Bernard Stiegler
Pour Bernard Stiegler, l’hyperconsommation a changé le rapport que nous entretenons avec l’art et la culture en remplaçant le désir par la pulsion. Le philosophe estime qu’il faut se saisir d’urgence des nouvelles technologies pour réinventer la figure de l’amateur. Mais aussi pour soutenir le développement d’une économie de la contribution basée sur la coopération et le partage des savoirs.
Une tâche à laquelle il s’attelle concrètement en tant que directeur de l’IRI (Institut de Recherche et d’Innovation) qu’il a créé en 2006 au sein du Centre Georges Pompidou, mais aussi via l’association Ars Industrialis, association internationale pour une politique industrielle des technologies de l’esprit.
AS : Vous expliquez que le capitalisme contemporain est destructeur. Pour quelles raisons ce dernier serait-il plus délétère que le capitalisme du XIXe siècle, par exemple ?

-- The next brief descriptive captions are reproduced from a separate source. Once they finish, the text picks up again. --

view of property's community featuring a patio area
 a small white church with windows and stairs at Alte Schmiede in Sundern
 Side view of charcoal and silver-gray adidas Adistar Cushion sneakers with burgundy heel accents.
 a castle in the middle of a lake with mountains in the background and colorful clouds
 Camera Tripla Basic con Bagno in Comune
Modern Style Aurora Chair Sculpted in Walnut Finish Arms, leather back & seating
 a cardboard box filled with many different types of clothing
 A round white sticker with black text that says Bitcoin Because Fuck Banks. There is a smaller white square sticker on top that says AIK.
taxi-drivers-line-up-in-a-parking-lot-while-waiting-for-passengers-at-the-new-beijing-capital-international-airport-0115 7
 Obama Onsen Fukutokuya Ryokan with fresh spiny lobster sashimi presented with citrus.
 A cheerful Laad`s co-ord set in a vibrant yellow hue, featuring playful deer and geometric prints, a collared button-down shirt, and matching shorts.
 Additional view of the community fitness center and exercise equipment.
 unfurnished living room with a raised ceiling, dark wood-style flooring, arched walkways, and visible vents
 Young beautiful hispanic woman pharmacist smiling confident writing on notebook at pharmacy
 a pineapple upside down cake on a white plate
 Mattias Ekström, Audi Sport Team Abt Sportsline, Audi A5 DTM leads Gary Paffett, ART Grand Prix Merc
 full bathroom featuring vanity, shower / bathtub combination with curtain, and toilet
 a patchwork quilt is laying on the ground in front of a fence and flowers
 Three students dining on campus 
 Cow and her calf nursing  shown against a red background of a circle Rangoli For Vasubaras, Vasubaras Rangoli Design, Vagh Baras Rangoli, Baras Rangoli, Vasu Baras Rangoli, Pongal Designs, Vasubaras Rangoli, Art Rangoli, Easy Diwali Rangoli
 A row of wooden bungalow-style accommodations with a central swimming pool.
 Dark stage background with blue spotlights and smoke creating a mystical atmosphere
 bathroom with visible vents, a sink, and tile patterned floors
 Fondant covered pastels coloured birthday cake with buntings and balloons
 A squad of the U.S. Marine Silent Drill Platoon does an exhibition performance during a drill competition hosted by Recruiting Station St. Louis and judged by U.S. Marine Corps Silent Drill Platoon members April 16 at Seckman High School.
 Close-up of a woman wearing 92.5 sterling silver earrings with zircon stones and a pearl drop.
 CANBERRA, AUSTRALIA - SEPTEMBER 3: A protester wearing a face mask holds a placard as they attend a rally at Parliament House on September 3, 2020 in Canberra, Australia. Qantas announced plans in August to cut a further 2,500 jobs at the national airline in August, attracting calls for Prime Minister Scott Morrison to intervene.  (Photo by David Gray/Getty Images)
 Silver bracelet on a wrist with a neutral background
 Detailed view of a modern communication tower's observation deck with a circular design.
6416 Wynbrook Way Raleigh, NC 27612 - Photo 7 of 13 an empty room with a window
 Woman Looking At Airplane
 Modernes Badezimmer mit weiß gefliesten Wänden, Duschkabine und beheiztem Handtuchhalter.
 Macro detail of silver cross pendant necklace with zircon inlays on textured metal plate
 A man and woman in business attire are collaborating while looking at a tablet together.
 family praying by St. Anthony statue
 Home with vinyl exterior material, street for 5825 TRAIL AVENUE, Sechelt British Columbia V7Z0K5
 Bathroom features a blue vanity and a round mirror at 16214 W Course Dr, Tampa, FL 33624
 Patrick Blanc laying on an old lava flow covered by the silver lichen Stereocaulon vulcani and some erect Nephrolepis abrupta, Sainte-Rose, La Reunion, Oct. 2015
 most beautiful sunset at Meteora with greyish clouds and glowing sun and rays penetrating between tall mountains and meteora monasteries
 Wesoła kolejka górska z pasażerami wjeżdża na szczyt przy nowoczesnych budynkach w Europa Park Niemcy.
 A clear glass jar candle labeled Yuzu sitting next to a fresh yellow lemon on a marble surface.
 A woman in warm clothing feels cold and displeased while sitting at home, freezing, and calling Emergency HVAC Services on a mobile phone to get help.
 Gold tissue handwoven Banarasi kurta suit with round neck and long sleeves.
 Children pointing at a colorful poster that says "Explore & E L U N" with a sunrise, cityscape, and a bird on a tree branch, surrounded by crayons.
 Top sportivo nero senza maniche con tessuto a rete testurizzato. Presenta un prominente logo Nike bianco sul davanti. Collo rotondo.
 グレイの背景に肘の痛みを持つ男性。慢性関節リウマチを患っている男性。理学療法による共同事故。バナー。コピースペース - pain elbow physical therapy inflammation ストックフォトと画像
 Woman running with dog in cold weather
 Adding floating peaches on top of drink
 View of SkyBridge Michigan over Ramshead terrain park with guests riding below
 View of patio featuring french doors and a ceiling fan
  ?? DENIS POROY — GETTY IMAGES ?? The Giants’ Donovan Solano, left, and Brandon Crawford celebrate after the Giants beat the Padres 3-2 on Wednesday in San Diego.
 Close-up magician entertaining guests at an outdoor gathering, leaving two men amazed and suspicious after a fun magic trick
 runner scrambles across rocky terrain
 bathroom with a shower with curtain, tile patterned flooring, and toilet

Bernard Stiegler : Je ne dis pas que le capitalisme est plus mauvais aujourd’hui, je dis qu’il est plus destructeur. Mais il faut rappeler ce qu’est le capitalisme. Cela a été très bien montré par Marx : le travail est constitué par la mesure du temps. Le capitalisme repose avant tout sur une mesure, un calcul. Cela a conduit, au XIXe siècle, à prolétariser les travailleurs manuels, c’est-à-dire à transformer leurs savoirs en procédures implantées dans les machines. Ils ne sont alors plus des travailleurs mais des serviteurs des machines venues les doubler. Le capitalisme, au XXe siècle, a transformé les modes de vie à travers les industries culturelles en faisant à peu près ce qui s’était passé dans les usines au XIXe siècle : le capitalisme transformait le travail des ouvriers en procédures de prolétaires. Un ouvrier est quelqu’un qui développe un savoir-faire et une singularité dans la réalité sociale et spatiale.